[llvm-dev] Vectorizing structure reads, writes, etc on X86-64 AVX

Thu Oct 29 17:08:08 PDT 2015

I am a first time poster, so I apologize if this is an obvious
question or out of scope for LLVM. I am an LLVM user. I don't really
know anything about hacking on LLVM, but I do know a bit about
compilation generally.

I am on x86-64 and I am interested in structure reads, writes, and
constants being optimized to use vector registers when the alignment
and sizes are right. I have created a gist of a small example:

https://gist.github.com/jeapostrophe/d54d3a6a871e5127a6ed

The assembly is produced with

llc -O3 -march=x86-64 -mcpu=corei7-avx

The key idea is that we have a structure like this:

%athing = type { float, float, float, float, float, float, i16, i16,
i8, i8, i8, i8 }

That works out to be 32 bytes, so it can fit in YMM registers.

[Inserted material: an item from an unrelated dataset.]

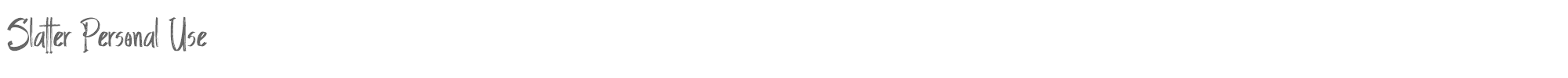 Sample characters Slatter Font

If I have two pointers to arrays of these things:

@one = external global %athing
@two = external global %athing

and then I do a copy from one to the other

  %a = load %athing* @two
  store %athing %a, %athing* @one

Then the code that is generated uses the XMM registers for the floats,
but does 12 loads and then 12 stores.

In contrast, if I manually cast to a properly sized float vector I get
the desired single load and single store:

  %two_vector = bitcast %athing* @two to <8 x float>*
  %b = load <8 x float>* %two_vector
  %one_vector = bitcast %athing* @one to <8 x float>*
  store <8 x float> %b, <8 x float>* %one_vector

The rest of the file demonstrates that the code for modifying these
vectors is pretty good, but has examples of bad ways to initialize the
structure and a good way to initialize it. If I try to store a
constant struct, I get 13 stores. If I try to assemble a vector by
casting <2 x i16> to float then <4 x i8> to float and installing them
into a single <8 x float>, I do get the desired single store, but I
get very complicated constants that are loaded from memory. In
contrast, if I bitcast the <8 x float> to <16 x i16> and <32 x i8> as
I go, then I get the desired initialization with no loads and just
modifications of the single YMM register. (Even this last one,
however, doesn't have the best assembly because the words and bytes
are not inserted into the vector simultaneously, but instead
individually.)

I am kind of surprised that the obvious code didn't get optimized the
way I expected and even the tedious version of the initialization
isn't optimal either. I would like to know if a transformation of one
to the other is feasible in LLVM (I know anything is possible, but
what is feasible in this situation?) or if I should implement a
transformation like this in my front-end and settle for the
initialization that comes out.

Thank you for your time,

Jay

-- 
Jay McCarthy
Associate Professor
PLT @ CS @ UMass Lowell
http://jeapostrophe.github.io

           "Wherefore, be not weary in well-doing,
      for ye are laying the foundation of a great work.
And out of small things proceedeth that which is great."
                          - D&C 64:33